* _BRIEF_
Taking the entries below, transcribe only the lines starting with the one with "Tanzania. . Fotosearch" and going on through the one with "A cartoon of", exactly as written, without the pictures.

* _PROVIDED INFORMATION_
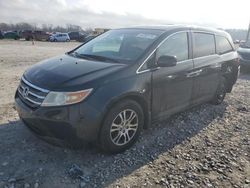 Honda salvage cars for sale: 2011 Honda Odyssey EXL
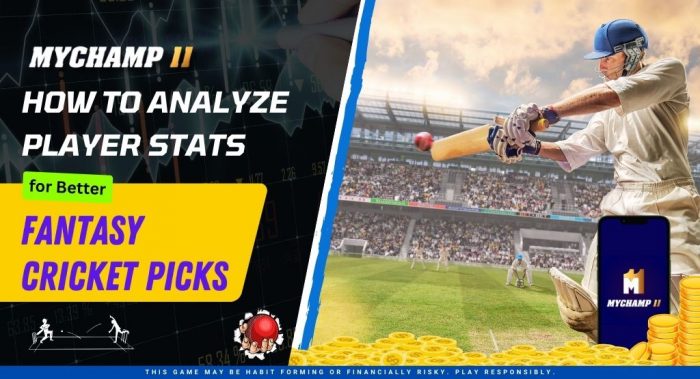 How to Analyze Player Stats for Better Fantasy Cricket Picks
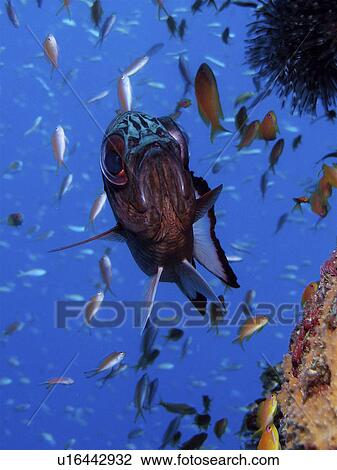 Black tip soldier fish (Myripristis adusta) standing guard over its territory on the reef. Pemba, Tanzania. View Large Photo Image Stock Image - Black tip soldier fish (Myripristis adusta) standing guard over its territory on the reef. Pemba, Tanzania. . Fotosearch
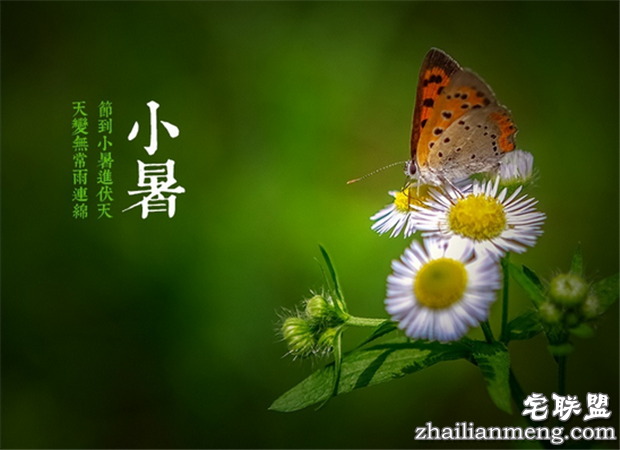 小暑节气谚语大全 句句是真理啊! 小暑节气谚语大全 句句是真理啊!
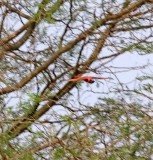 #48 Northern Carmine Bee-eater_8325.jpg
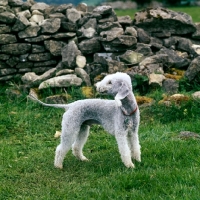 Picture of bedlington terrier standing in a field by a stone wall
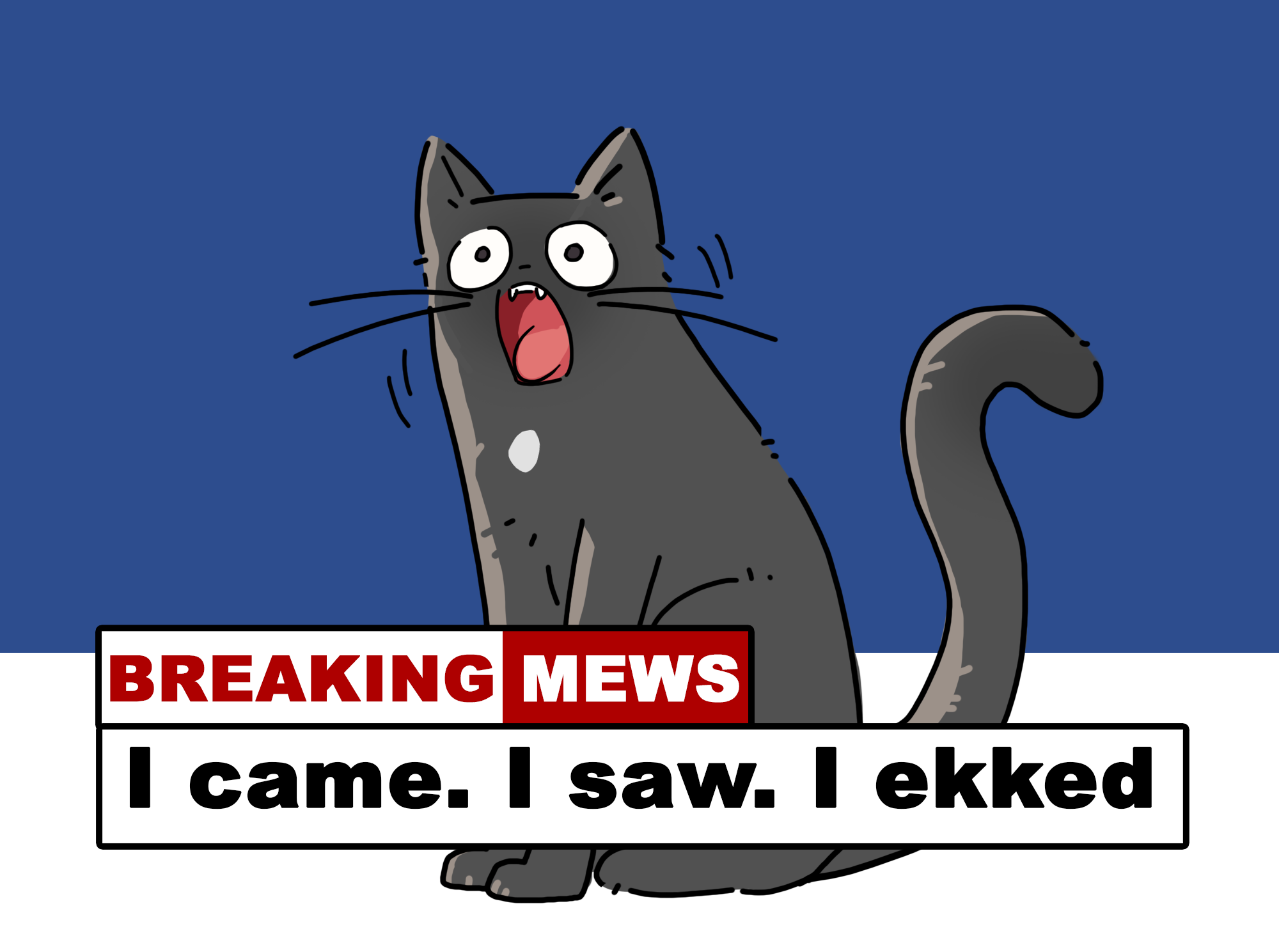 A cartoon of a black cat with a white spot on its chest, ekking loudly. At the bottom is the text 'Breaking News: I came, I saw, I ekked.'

---

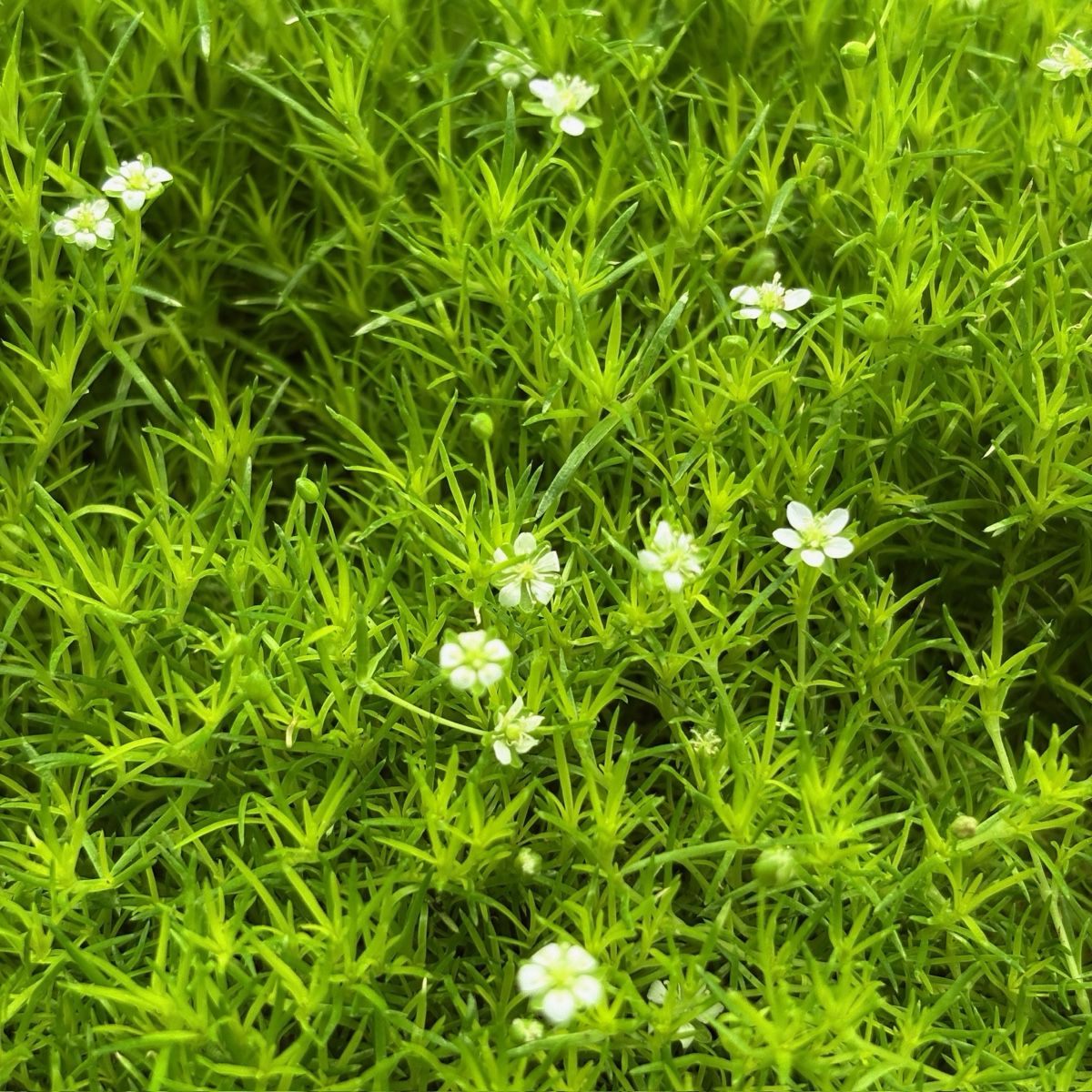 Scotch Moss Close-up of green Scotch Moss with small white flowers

* _EXERCISE RESULT_
 Black tip soldier fish (Myripristis adusta) standing guard over its territory on the reef. Pemba, Tanzania. View Large Photo Image Stock Image - Black tip soldier fish (Myripristis adusta) standing guard over its territory on the reef. Pemba, Tanzania. . Fotosearch
 小暑节气谚语大全 句句是真理啊! 小暑节气谚语大全 句句是真理啊!
 #48 Northern Carmine Bee-eater_8325.jpg
 Picture of bedlington terrier standing in a field by a stone wall
 A cartoon of a black cat with a white spot on its chest, ekking loudly. At the bottom is the text 'Breaking News: I came, I saw, I ekked.'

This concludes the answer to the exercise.